My insides ached for him as he smiled down at me. He stood up and removed his pants and boxers. I took a deep breath as I gazed at his naked body. He was perfect and, right now, he was mine - all mine. I closed my eyes in anticipation, only to open them to find that he was gone…

“Will!” I shouted as I sat up in my bed and gasped. It was all so real that I looked over on the other side of the bed to see if he was there, tears streaming down my face. I missed him so much. It had been over three weeks since I talked to him, and I was more miserable than ever. Callie’s sister’s apartment was great. I was able to roll out of bed ten minutes before my shift and still be at work on time. It was clean and plenty big enough for just me. The only thing missing was Will. I missed him so much. Cooking him dinner. Staying up until the wee hours of the morning with him watching movies. Laughing over stupid things, and just knowing that I always had someone that I could depend upon. There were so many times that I wanted to call him over these past weeks, but I stopped myself. I still hadn’t returned his phone call from the other day, and I didn’t know if I was going to. I wasn’t sure if my heart could handle it. I wanted more of Will. More than he was willing to give. I needed to start moving forward with my life and, as much as I hated to admit it, as long as Will was in mine, it would always be an unfair advantage to any other guy that tried to enter.

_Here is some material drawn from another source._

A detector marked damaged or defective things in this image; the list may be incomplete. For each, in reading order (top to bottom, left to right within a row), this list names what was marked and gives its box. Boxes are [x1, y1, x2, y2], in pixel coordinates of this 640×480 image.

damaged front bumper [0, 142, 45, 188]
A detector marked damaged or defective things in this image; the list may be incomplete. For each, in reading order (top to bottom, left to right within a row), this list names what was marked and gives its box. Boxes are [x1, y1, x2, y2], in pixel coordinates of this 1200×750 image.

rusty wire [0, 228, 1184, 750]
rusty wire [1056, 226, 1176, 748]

I wiped my teardrops with the back of my hand and lay back down. I closed my eyes and the tears flowed once again as I began to think about starting my new life - one without the person I loved the most in it.

I was just finishing up my shift and was ready to head home, hoping for an uninterrupted night of sleep without any more dreams of Will. I changed into my yoga pants and sweatshirt, and planned on stopping off for takeout at the Chinese place on the way home.

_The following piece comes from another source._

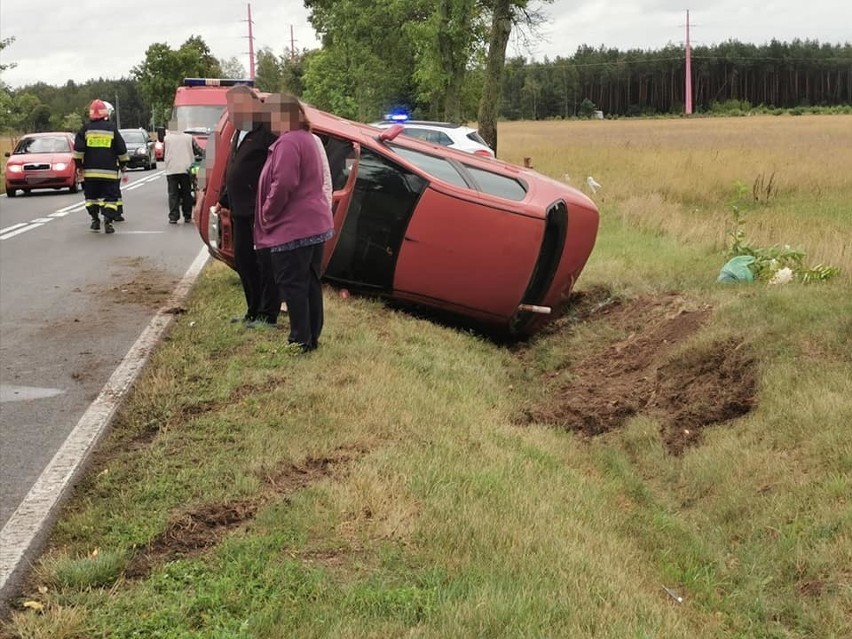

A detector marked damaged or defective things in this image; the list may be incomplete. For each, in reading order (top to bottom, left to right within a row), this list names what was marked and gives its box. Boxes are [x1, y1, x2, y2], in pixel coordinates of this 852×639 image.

overturned red car [194, 106, 600, 336]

“Oops, sorry,” Dr. Emerson said as I walked straight into him, not paying attention as I exited the locker room. I felt myself blushing over my clumsiness, not to mention that Dr. Emerson was drop dead gorgeous.

“Oh no, that was totally my fault. I wasn’t paying attention,” I said before smiling and walking away.

“Hey, Gabby!” he called.

“Yeah?”

“Do you want to grab a bite to eat?”

Dinner with Dr. Hottie that all the nurses drooled over, or spending the night with a bad stomachache after eating way too much Chinese food?
“Umm…yeah, sure. What time were you thinking?”

“Right now.”

I looked down at the way I was dressed. It was hardly appropriate to go into any respectable place. “Well, I’m really not dressed -.”

He waved his hand in the air in a dismissing manner. “We’ll just go up the street to Clancy’s. You don’t have to dress special there. I’ve only got an hour because I have to pick up my daughter from my ex’s - my weekend.”

Clancy’s? Did he really just say Clancy’s? Oh shit! What do I do? Do I tell him I changed my mind because I’m afraid of running into the man that I am hopelessly in love with or that I don’t want to face the memories that place holds?
I took a deep breath and sucked it up. If I was going to move on with my life, I had to stop fearing old ghosts. “Sure.” I smiled.

“Great.” He smiled back as we walked out the door, taking the short walk to Clancy’s, allowing me to get to know Dr. Marcus Emerson just a little bit better.